A beacon of the ancient world where theatrics, mathematics, philosophy and democracy were born, Athens is a cradle full of its mysterious ancient wonders built since its early affluent civilisation first existed in this city. Every street leads to a fascinating find; a monument next to a cafe, ancient ruins right below a pedestrian walkway or a plot of ancient archeological ‘property’ sitting right beside a railway track. All of these primitive yet historic remains are an essence of Greece’s classical heritage and the evolutionary existence of its past.
Through the years, major transformations have taken place in the city. The bustling Athens today is a paradox mix of old and new, conservative versus contemporary. Modern chic-designed buildings that blend in ancient architectural brilliances sprawl across the cityscape while its inner-scape is dotted with quirky neighbourhoods, ‘artistic’ graffiti street-art, modern historical museums, eccentric cafes, fine dining restaurants and so much more.
A juxtaposition of two eras, Athens has a lot to explore. Three days is good enough to get an intimate understanding of the city and its elaborate designs and culture. However, for a first timer in Athens, having just three days in this captivating city may be challenging and rushed if you do not have a clue on how to kick start your journey of adventure.
To help you get the most out of your three days in Athens, I have compile a complete itinerary around the ancient city of Athens. There are no hard and fast rules to explore this city. So please re-order the following itinerary to suit your travel style. Always check the operating hours before visiting as it differs according to its seasons. For summer months, the operating hours is longer while in winter, most sites close at 15:00 hours.

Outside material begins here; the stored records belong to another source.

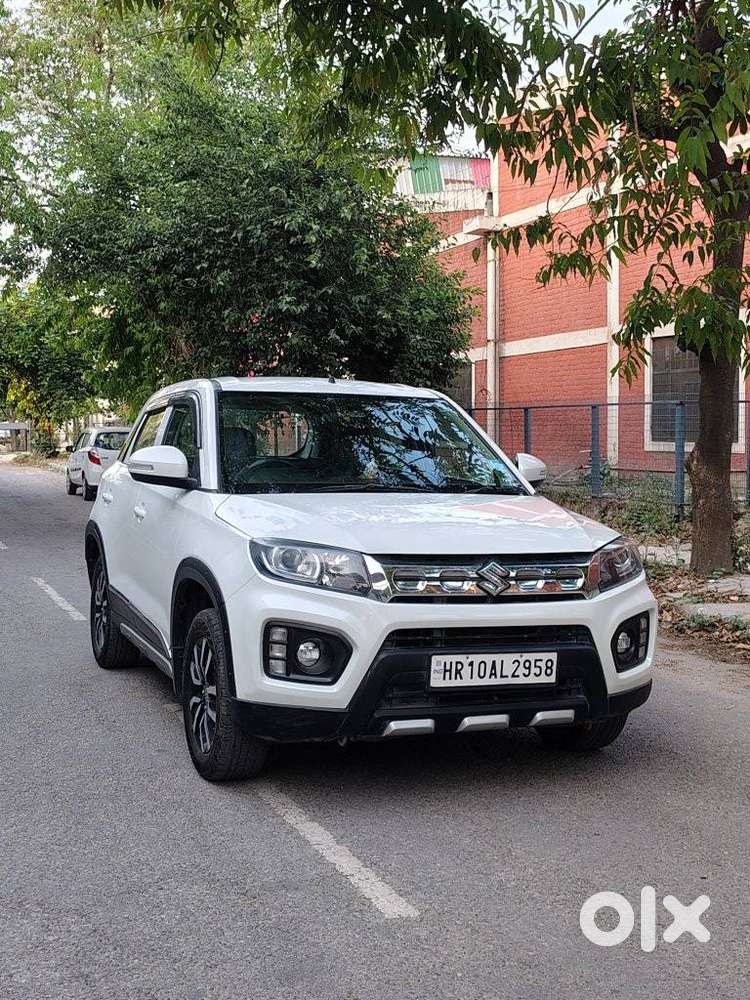 Maruti Suzuki Brezza 1.5 Lxi Smart Hybrid, 2021, Petrol
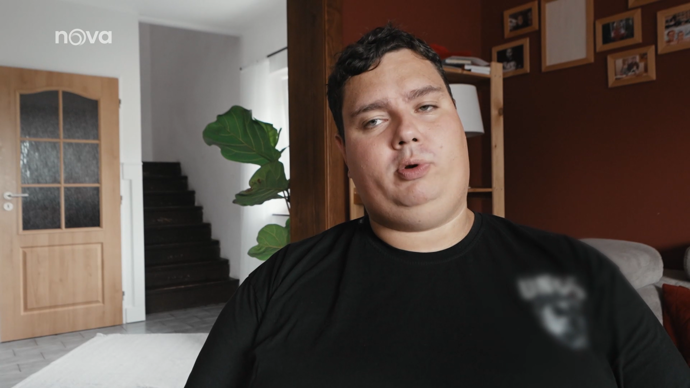 FOTO: Jakub je ve svém těle nešťastný. – stránka 36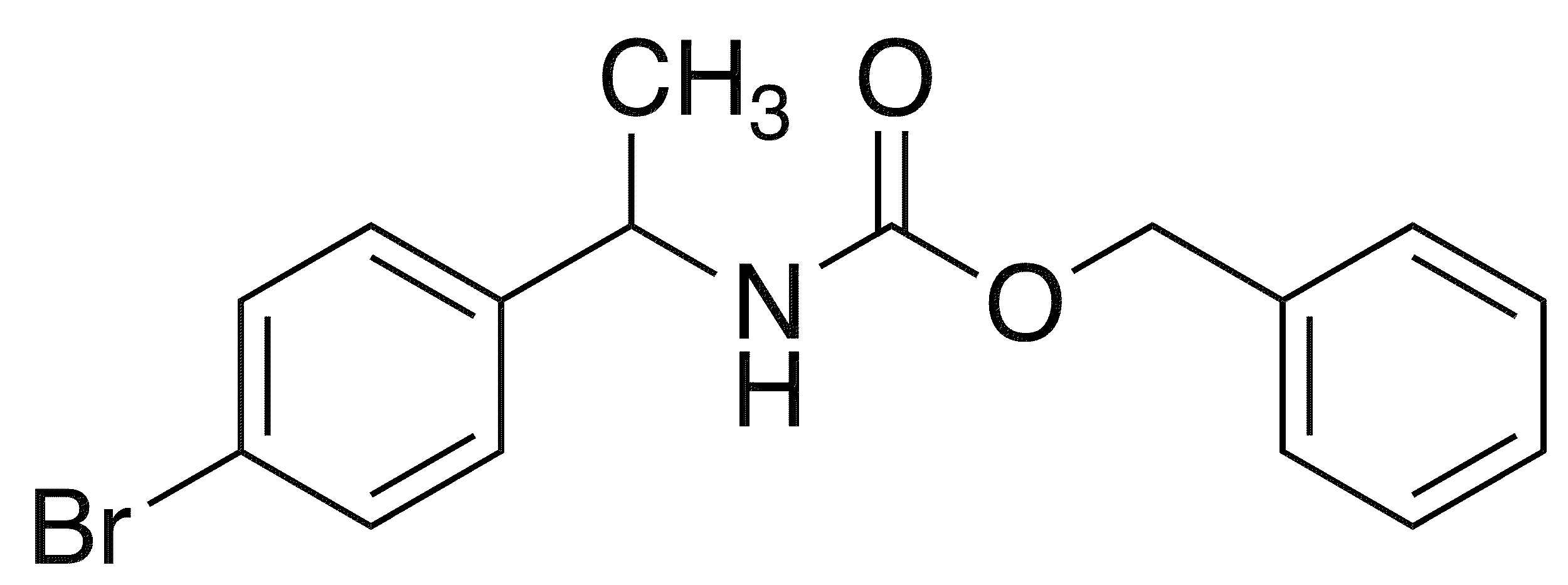 Benzyl N-[1-(4-bromophenyl)ethyl]carbamate - Chemical structure and product image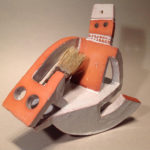 keramik,teilvergoldet,2017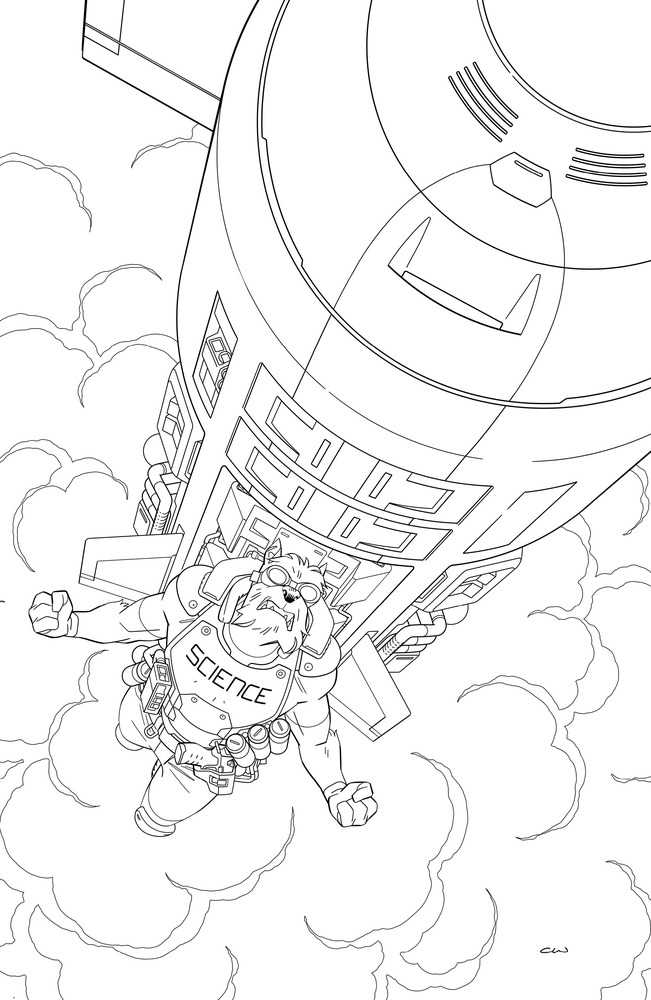 Skybound X #3 Cover E 10 Copy Variant Edition Black & White Walker (Mature)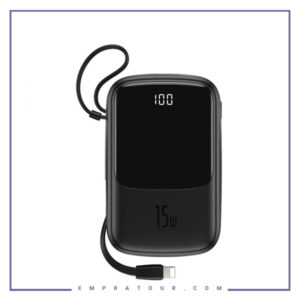 پاوربانک 10000 بیسوس Baseus Qpow Digital Display PPQD-B01
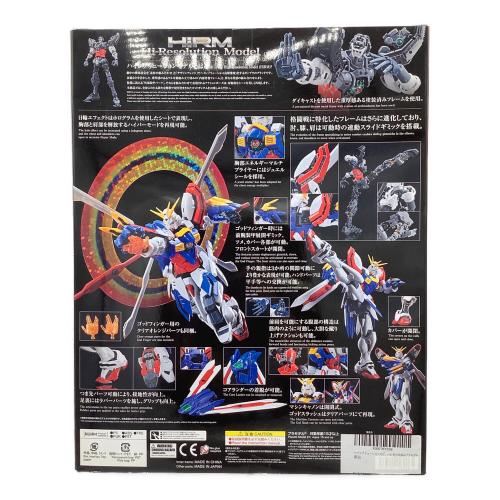 BANDAI (バンダイ) ガンプラ ハイレゾリューションモデル 1/100 ゴッドガンダム プラモデル 『機動武闘伝Gガンダム』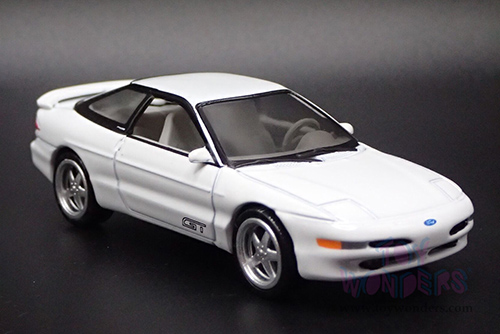 Auto World Deluxe - Ford Probe GT "Sport Coupes" (1993, 1/64 scale diecast model car, Gloss White) AWSP158/24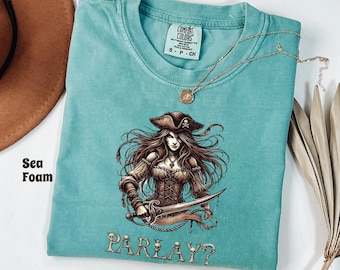 Comfort Colors Pirate Sayings Shirt, Pirate Celebration TShirt, Cruise Tee, Pirate Festival T Shirt, Drinking Shirt, Pirate Clothing Gift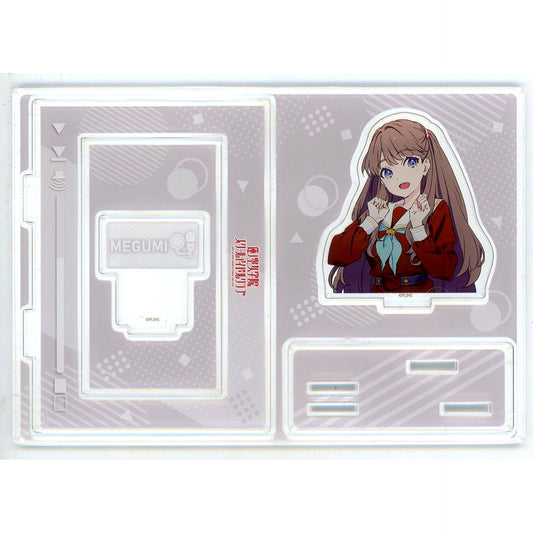 Megumi Fujishima Acrylic Diorama Love Live! Hasunosora Girls' High School Idol Club [USED]
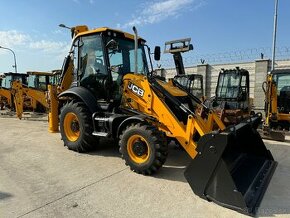 Jcb 3cx / 230 hodin full joystic traktor bager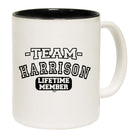 Harrison V2 Team Lifetime Member - Funny Coffee Mug Cup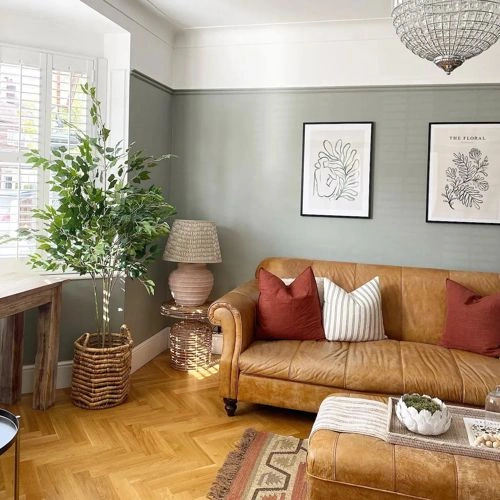Photo of color Farrow and Ball 25 Pigeon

Before we get the tour started, here’s a little information on the early architectural styles and designs to help you understand in case you get confuciously-confused (pun intended) along the way. The figure above shows the three main architectural designs which you will see on most of the monuments of Ancient Athens with the ‘Doric-style’ being the most classic of all.
So let’s begin.
Start your day early in morning. Take a walk up to this breathtaking historical hill located on the northwest slope of the Acropolis. Also known as Mars Hill, this is an important biblical location where the Apostle Paul, in the New testament, had preached to the early congregation while on his way to Rome. The top of the hill offers a terrific 360° panoramic view of the city and several other archaeological sites. Behind, you’ll get a glimpse of a spectacular postcard view of the Acropolis. The pathway leading up to Areopagus Hill is kind of treacherous. So please use the metal staircase instead for your safety.

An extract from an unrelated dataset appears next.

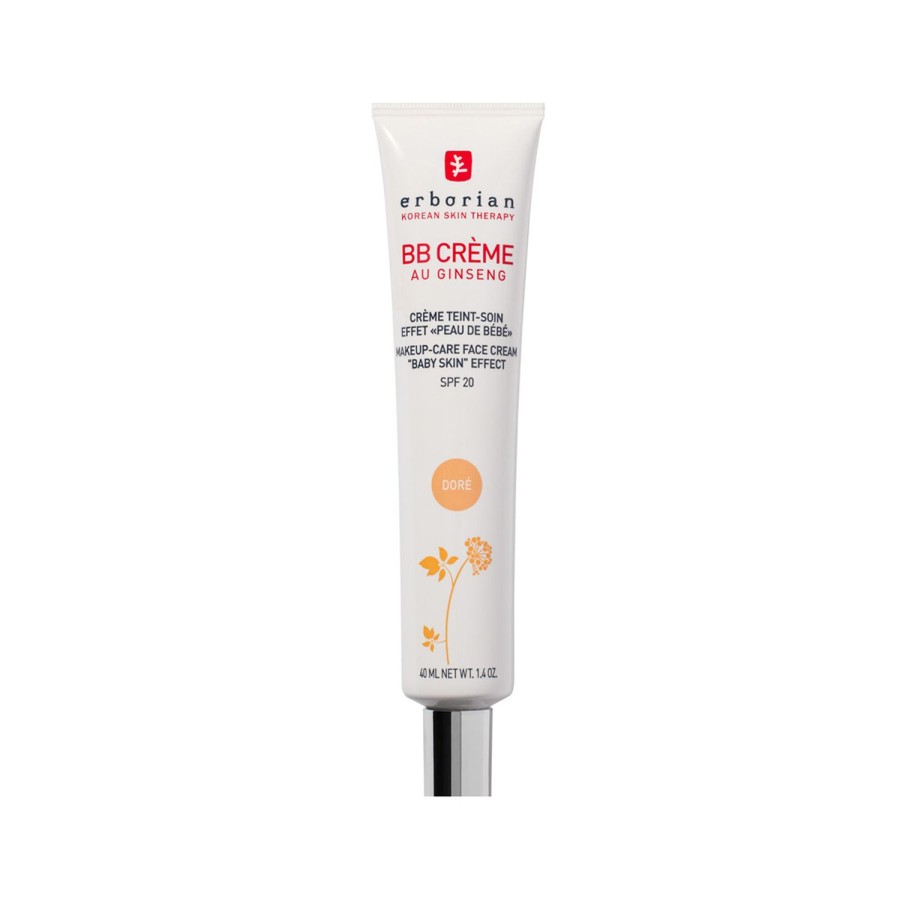 Beauty ERBORIAN Complexion | Bb Creme Dore 40Ml - Makeup And Skincare 2 In 1 Light Beige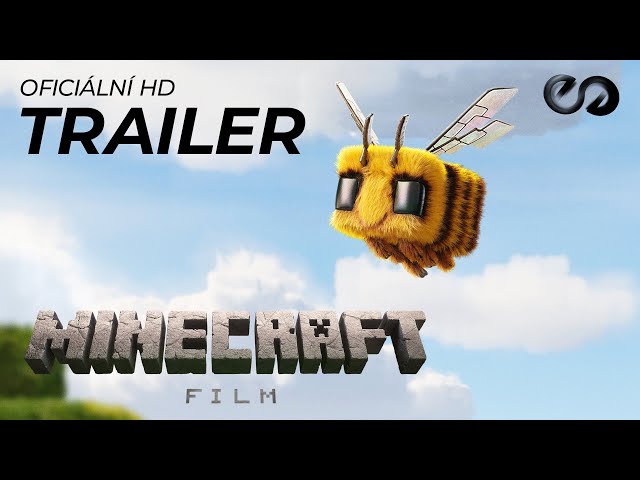 MINECRAFT FILM (2025) | oficiální HD trailer | český dabing #minecraftmovie @JasonMomoa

Tip: Visit the Acropolis in the early morning to avoid big tour groups and murderous heat especially during summer season.
Ticket: There is a combo ticket available, with a validity of five days, costing 30€ that includes the entrance fees for seven other archeological sites as follows:
- Acropolis and its South Slope
- Archaeological Site and Museum of Ancient Agora
- Roman Agora and the Horologion Observatory
- Temple of Olympian Zeus
- Keramikos Cemetery and the Athens Main Gate
- Hadrian’s Library
- Lyceum of Aristotle
Note: Depending on the seasons of your visit, the operating hours of archaeological sites and places of interest may varies. Please check your timing before visiting.

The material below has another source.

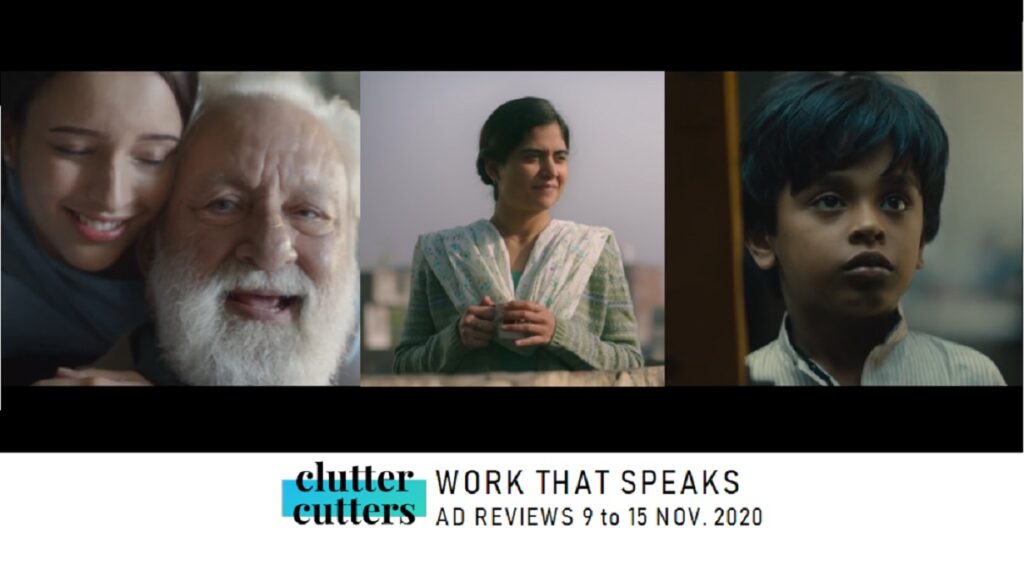 Work That Speaks | Ad Reviews | 9 to 15 Nov 2020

The Acropolis is one of the most remarkable spots in Greece and is a must visit for every traveller. Beset in the centre and on the highest plateau in Athens, the Acropolis is the main icon of Athens and home of its infamous Parthenon. The Acropolis itself is a vast compound consisting several other prominent ancient monuments within its keep. There is lots of uphill walking to do and the grounds within the Acropolis is uneven. So, do make sure you are wearing a good pair of comfortable shoes when visiting this place. It took me approximately three hours to finish the whole self-walk-around-tour with a lot of photography at each monument at every angle. Thus, visiting the Acropolis in the early morning is definitely a great idea as you escape the scorching heat and the big tour groups that congest the walkways and selfie-perfect spots.
An awe-inspiring column-style ancient ‘gate’ building that is built to make a lasting impression for visitors. The Propylaea was delineated with exquisite designs and craftsmanship of its time. Unfortunately, it was never completed and was repurposed by its colonists throughout its lifetime. With a concourse area overlooking the Odeon of Herodus Atticus below and a nostalgic flight of stairs leading up to the Propylaea, visitors are sure to have a busy time posing for many picture perfect shots on each and every spot they set foot on just to squeeze the front columns into their picture. The Propylaea gate is the only entrance to the Acropolis compound and is situated on the west side of the plateau.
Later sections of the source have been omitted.